Journey to a better place

THE Yang di-Pertuan Agong Tuanku Mizan Zainal Abidin has once again reminded Malaysians to adhere to the spirit of togetherness that has helped them build this country into a prosperous industrialised economy. He said this at the 1433 Maal Hijrah national celebration in Putrajaya on Sunday. He probably knows the spirit is wearing a little thin after years of preoccupation with wealth gathering, coping with the challenges of a transformed rural community and little time devoted to ensuring understanding and tolerance among the races. He said this could be seen in us abandoning the culture of greeting each other as we become increasingly individualistic. It is the weakening of this spirit that is a contributing factor in the difficulty in strengthening national unity.

Perhaps after close to five years as paramount ruler of Malaysia and being constantly briefed on developments in the country besides observing them himself, he felt it only proper to leave some advice that can serve as a lasting reminder to restart nation-building in earnest. “I hope the spirit of neighbourliness will flourish again in our society so that everyday life can be experienced harmoniously,” he said.
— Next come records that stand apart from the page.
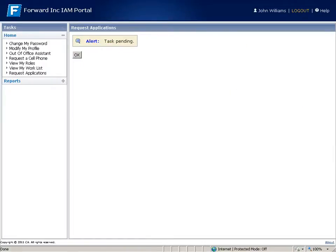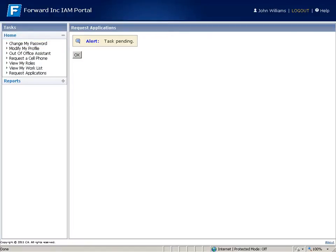John may conduct many self-service actions such as this. His ability to request changes, update his profile, and change his password makes John more productive and eases the burden on the Help Desk.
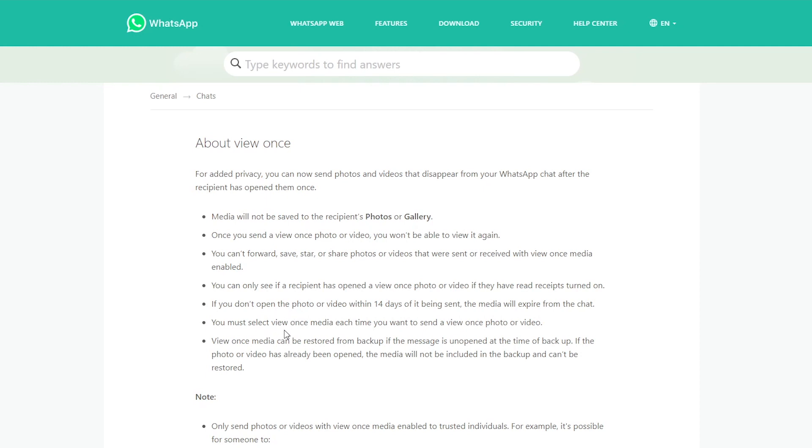You must select view once media each time. So each time you want to send a photo as view once, you'll have to select that option, otherwise it will be sent as normal. View once media can be restored from backup.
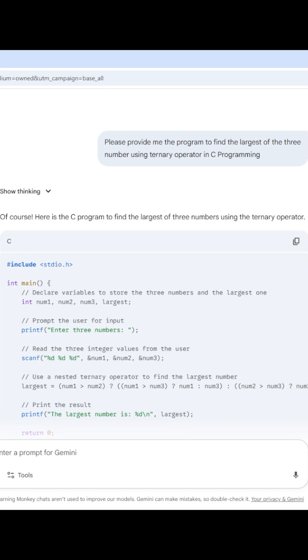whenever we enter into those specializations, then the use of AI tools is mandatory. But whenever we are in the basic courses of computer science and engineering, we suggest you not to use any kind of AI tools.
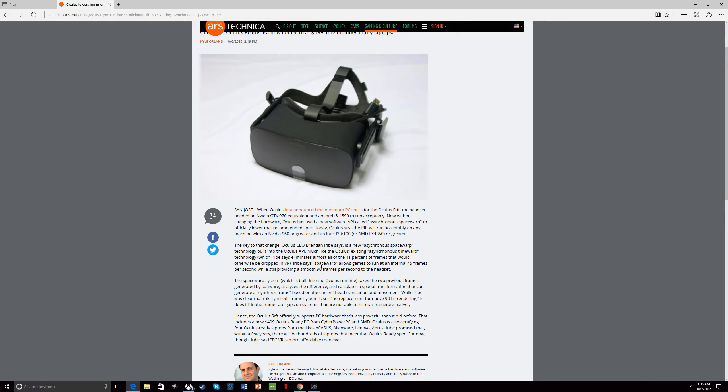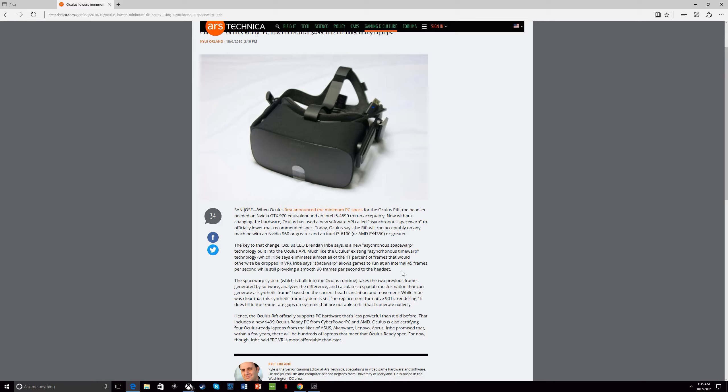The way it works is it can run at 45 frames per second, but it can still provide 90 frames per second to the headset. So before, obviously it wasn't powerful enough to do it. Obviously you're not going to get full max quality, but you also don't have to worry about a poor experience with it.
That the king chose to leave his parting message on the occasion of the hijrah (migration or flight) of early Muslims led by the Prophet Muhammad from Mecca to Medina in 622 AD, is a significant call for change and improvement. Muslims were harassed and prosecuted in Mecca and had to flee or migrate to a better place where they could build a better life. By implication, Malaysians must embark on a spiritual journey or hijrah from the present state to a better one where the spirit of togetherness prevails, where everyone greets and respects each other, where there is peace and harmony, where moderation is the rule, where thoughtfulness and consideration for others replace arrogance and recklessness, and where everyone works at strengthening national unity instead of undermining it.

“In other words, we should not make an issue of small misunderstandings, but instead resolve them in the best possible way,” the king said, adding that there must be a great deal of give and take. A demand by one group for equal treatment should not be misunderstood by others as asking for more. It must be understood that all groups have the right to make demands of the government for better treatment and no one group is more equal than the other. The quicker we understand and accept this, the faster we can we move on to striving for unity.